So, we have Kawhi leading with (4pts), Isaiah Thomas tied in second with Westbrook at 3pts each, and Lebron at 2pts.
I won’t be grading the players with this, but here is a non-linear regression for those interested in seeming more flow in the data.
gg <- ggplot(aes(x = FGA, y = PointDiff, color = Playername),data = mvp.noNA)
gloess<- gg + geom_point() + geom_smooth(method = "loess") +labs(title = "Results may Vary", x = "Field Goal Attempts", y = "Game Point Differential")
gloess
Alright, our third metric, The game score per minute (converted to seconds). The idea behind this is to see two things.
#thank you to "Jeff" from stackoverflow for the following function, I wanted to avoid adding more packages like lubridate.
toSeconds <- function(x){
if (!is.character(x)) stop("x must be a character string of the form H:M:S")

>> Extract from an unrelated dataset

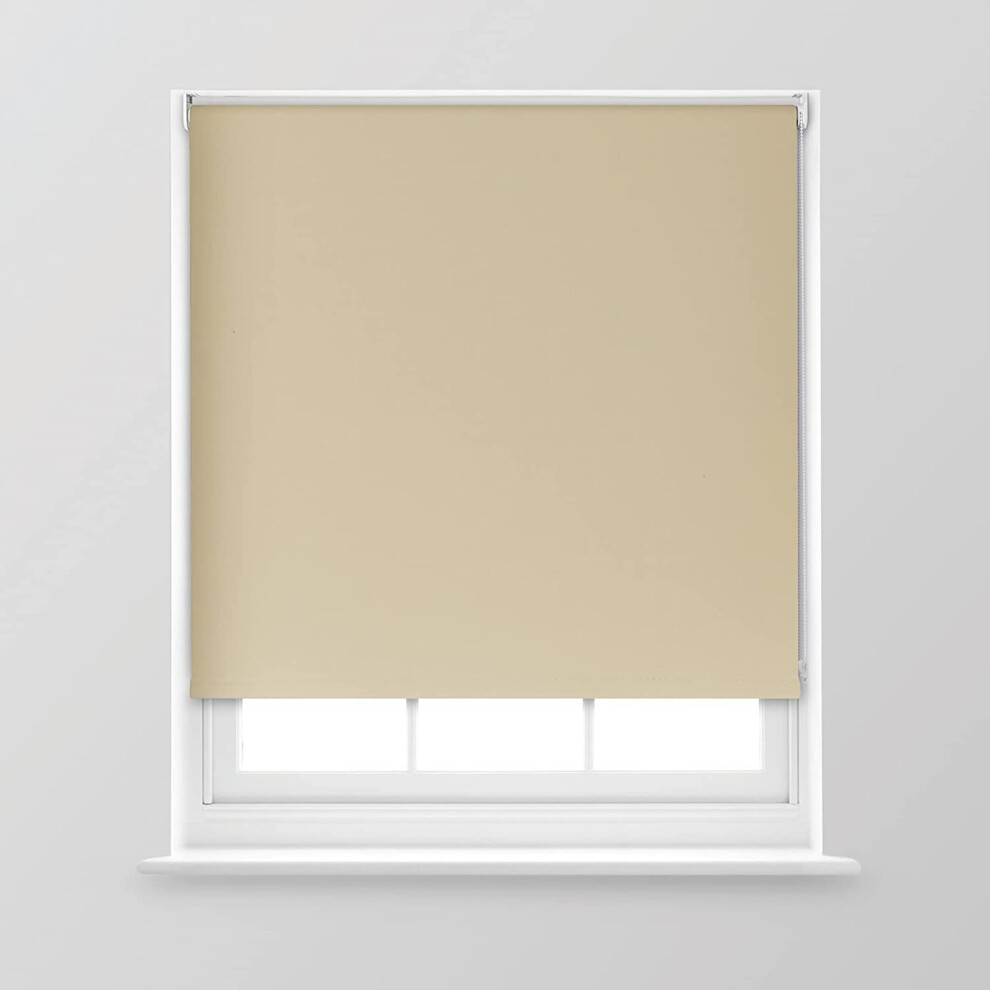 (Natural, 180cm x 170cm (70.8" x 66.9") (6FT)) A.Unique Home Premium Trimmable Thermal Blackout Roller Window Blind in a Variety of Colours and Sizes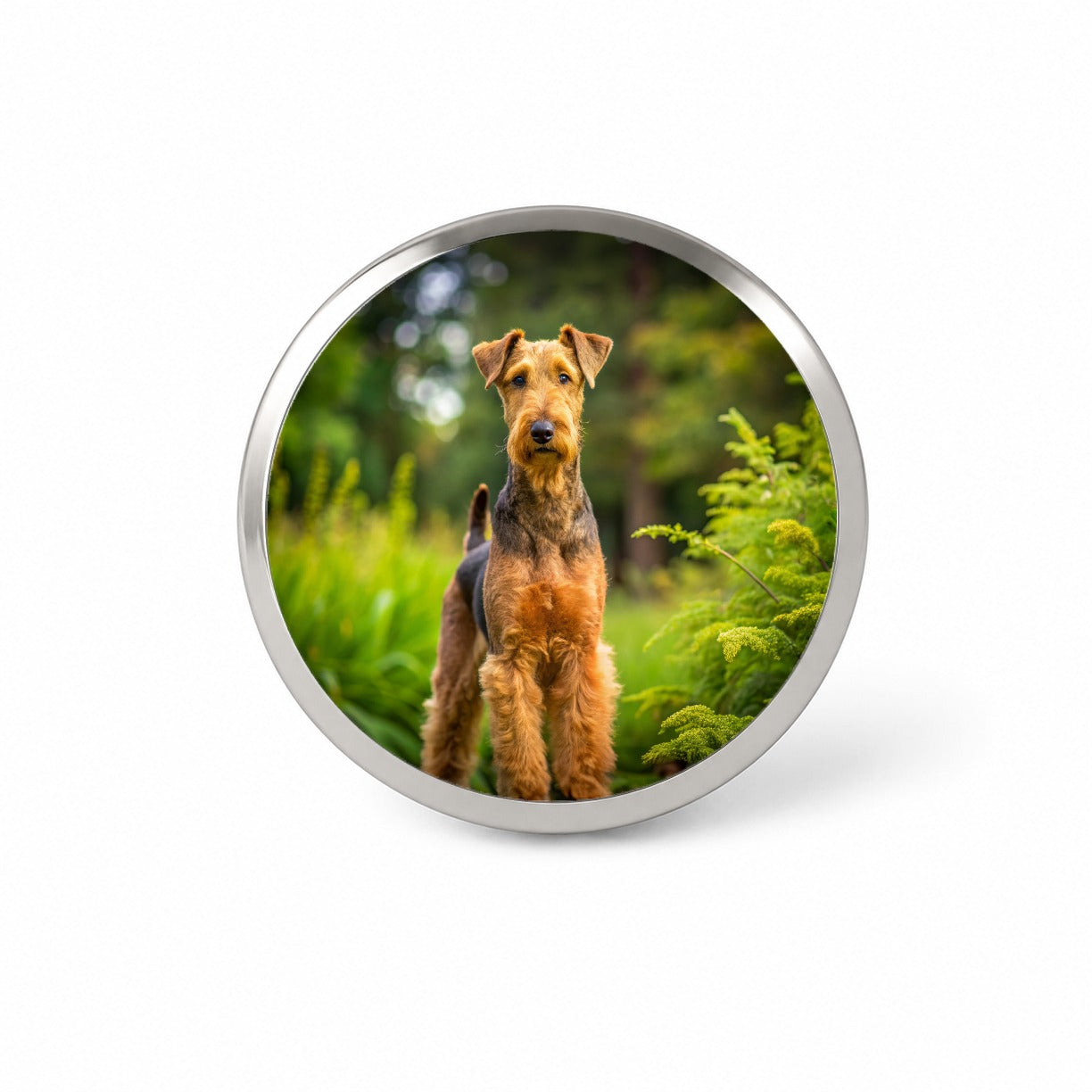 Airedale Terrier Dog Photo Novelty Hat Backpack Lapel Pin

if (length(x)<=0)return(x)
unlist(
lapply(x,
function(i){
i <- as.numeric(strsplit(i,':',fixed=TRUE)[[1]])
if (length(i) == 3)
i[1]*3600 + i[2]*60 + i[3]
else if (length(i) == 2)
i[1]*60 + i[2]
else if (length(i) == 1)
i[1]
}
)
)
}
mm <- mvp.noNA$MP #changing the column from MM:SS to seconds
mm <- toSeconds(mm)
mvp.noNA$MP <- mm
gg <- ggplot(aes(x = MP, y = GmSc, color = Playername),data = mvp.noNA)
Gscoreglm <- gg + geom_point() + geom_smooth(method = "lm")
Gscoreloess <- gg + geom_point() + geom_smooth(method = "loess",se= FALSE) +
labs(x = "Seconds", y = "Game Score",
title = "More Time, More Game Score")
Here are the the two graphs, one linear, one non-linear. Along with the coefficient table for the player’s linear regressions.
coeftbl2 = NULL
for(i in c("westbrook","james","leonard","thomas","harden")){
coeftbl2 <- rbind(coeftbl2,
lm(GmSc~MP, data = mvp.noNA[mvp.noNA$Playername == i,])$coefficients[2])
}
coeftbl2 <- cbind(c("westbrook","james","leonard","thomas","harden"),coeftbl2)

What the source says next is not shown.